Quantum Entanglement and Superdense Coding in Quantum Computing

Quantum computing, a realm where classical logic often takes a backseat, is often seen as a challenge to comprehend. Yet, by using the B.S. (Before Singularity) and A.S.S. (After Singularity/Superposition) framework, we can scaffold our understanding from classical concepts to quantum ones. Today, we will discuss a fascinating phenomenon – Quantum Entanglement and an application of it – Superdense Coding.

**B.S. (Before Singularity)**

In classical computing or B.S., information is stored in bits which can take a value of either 0 or 1. The state of each bit is independent of the others, meaning changing the state of one bit does not affect the others.

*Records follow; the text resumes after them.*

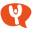 yesmarket.it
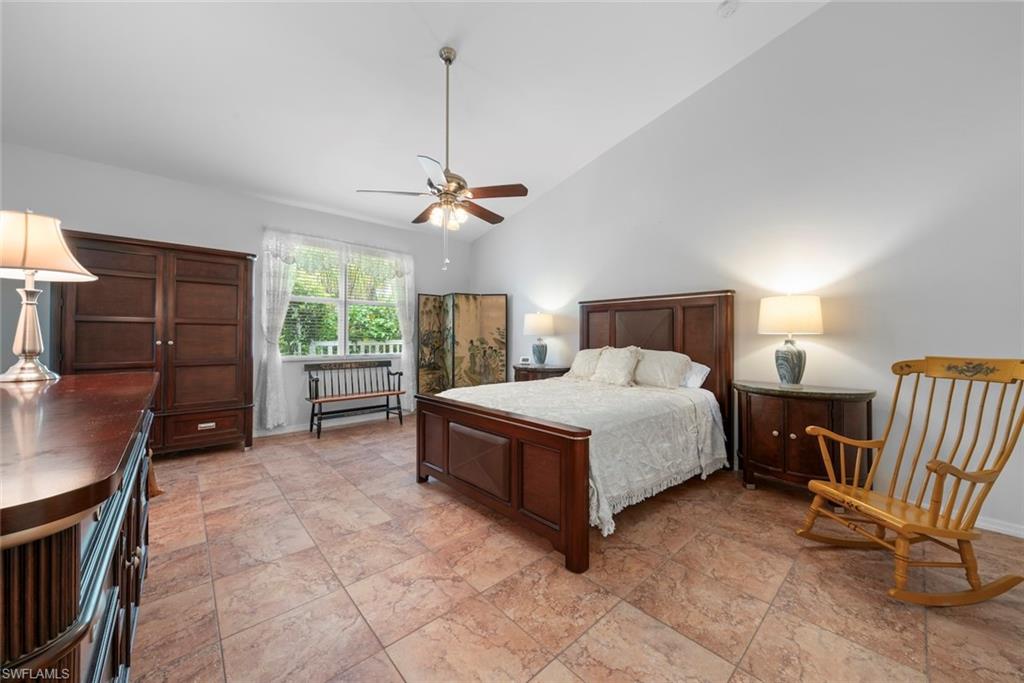CYPRESS PINES SUBDIVISION - Residential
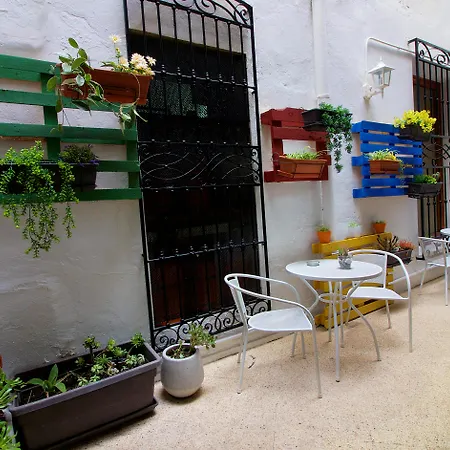 El Mercat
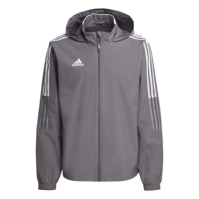 adidas Tr21 Aw Jkt T Sn99
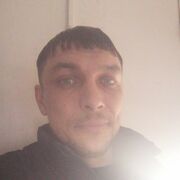  -,   , 35 ,   ,   , c 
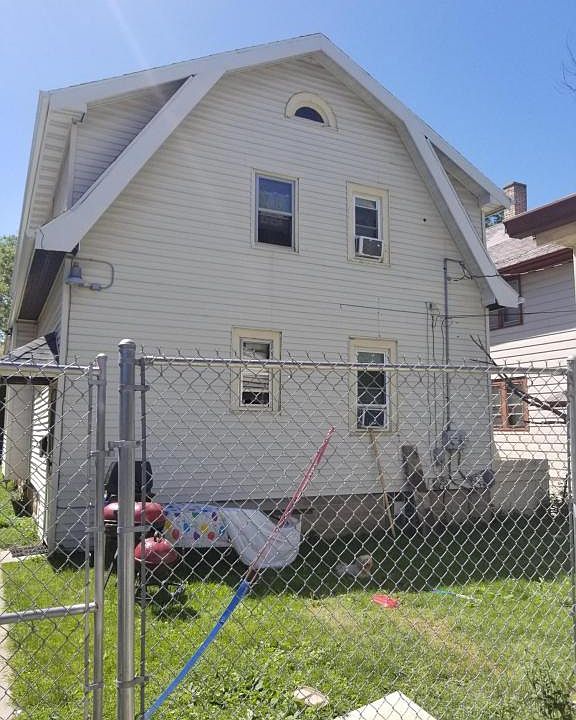 2nd image of 3124 N 39th St Unit 3124A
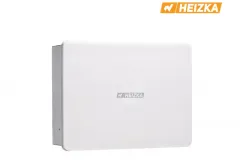 Tủ ELV – HEBX1-06 Series – Heizka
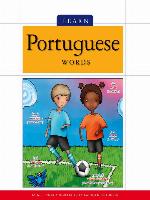 Learn Portuguese Words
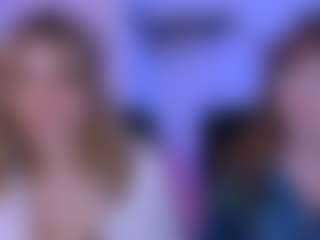 jose-fairy's Live Sex Cam Show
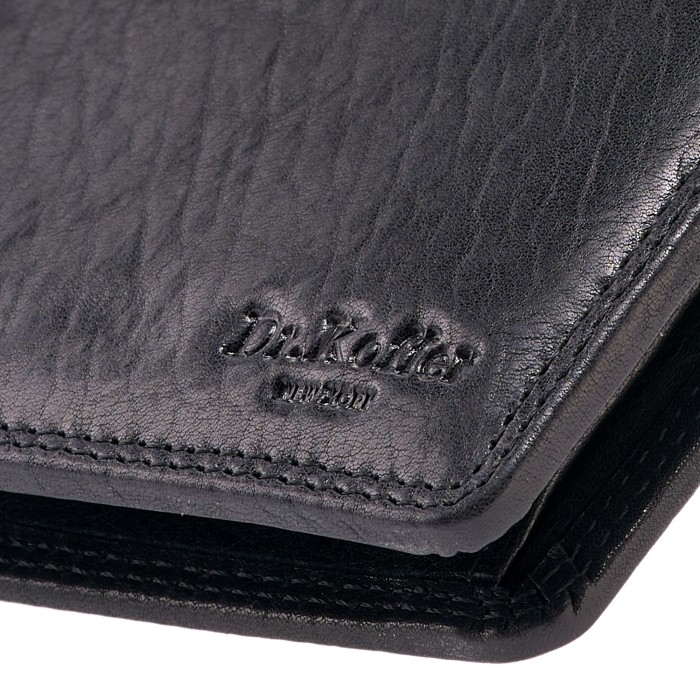 x510432-78-04 портмоне по цене 7500 руб вид справа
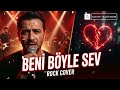Beni Böyle Sev (Rock Cover) – Orhan Gencebay | Duygusal Pop Rock Versiyon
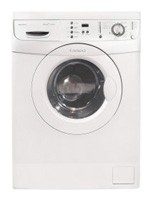 वॉशिंग मशीन Ardo AED 1000 XT तस्वीर, विशेषताएँ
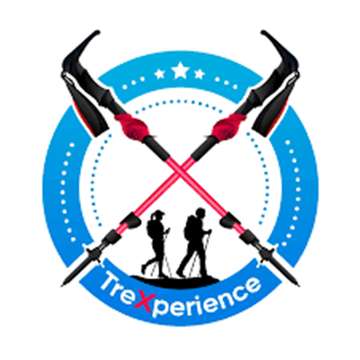 TreXperience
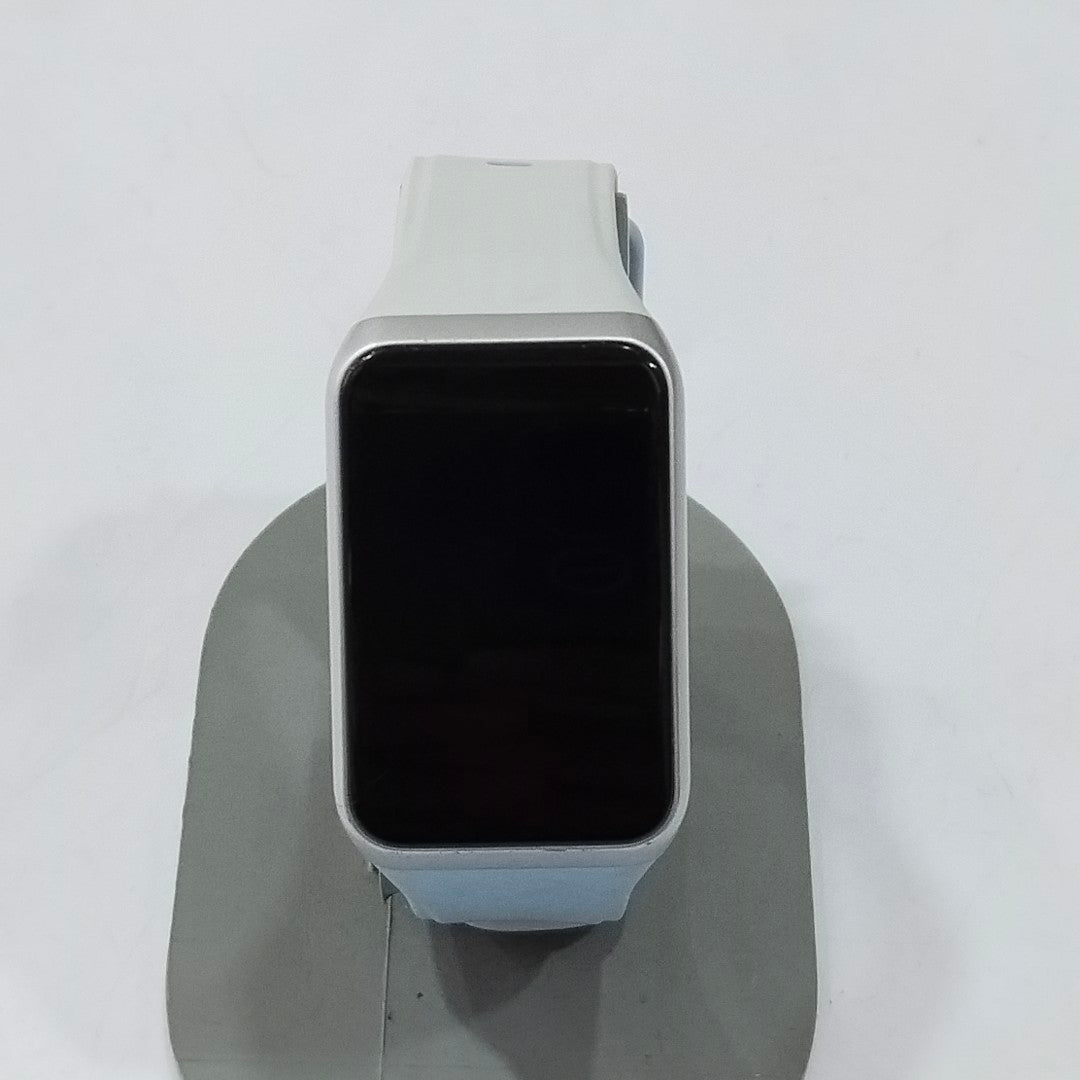 SMARTWATCH OPPO BAND 2 FITBAND BLUETOOTH (SEMINUEVO)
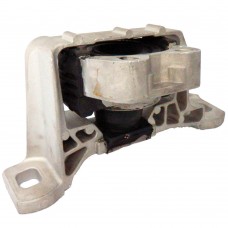 ΒΑΣΗ ΜΗΧΑΝΗΣ MAZDA 3 '03-'11 ΔΕΞΙΑ 2.000cc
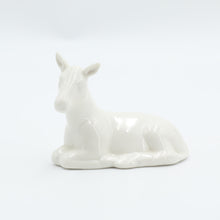 Load image into Gallery viewer, Candlesticks/Decorations-096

**A.S.S. (After Singularity/Superposition)**

The A.S.S. realm, however, is quite a departure from B.S. In quantum computing, we deal with quantum bits or qubits. A qubit can exist in a superposition of states – being both 0 and 1 at the same time with certain probabilities. Furthermore, qubits can be entangled – a phenomenon where the state of one qubit becomes instantly connected to the state of another, regardless of the distance between them.

**Quantum Entanglement**

In quantum entanglement, two qubits are in a superposition state together. When measured, they will always be found in opposite states. If qubit A is measured and found to be in state 0, then qubit B will automatically be in state 1, and vice versa.

Here is a simple code implementation in Qiskit (a Python library for quantum computing):

python
from qiskit import QuantumCircuit, assemble, Aer, execute
from qiskit.visualization import plot_bloch_multivector, plot_histogram

# Create a quantum circuit with 2 qubits
qc = QuantumCircuit(2)

# Apply a Hadamard gate to the first qubit to put it in superposition
qc.h(0)

# Apply a controlled-not gate
qc.cx(0, 1)

# Visualize the circuit
print(qc)

**Superdense Coding**

Superdense coding is a protocol that allows the transmission of two classical bits of information, by sending only one qubit from an entangled pair. This concept is a direct consequence of quantum entanglement.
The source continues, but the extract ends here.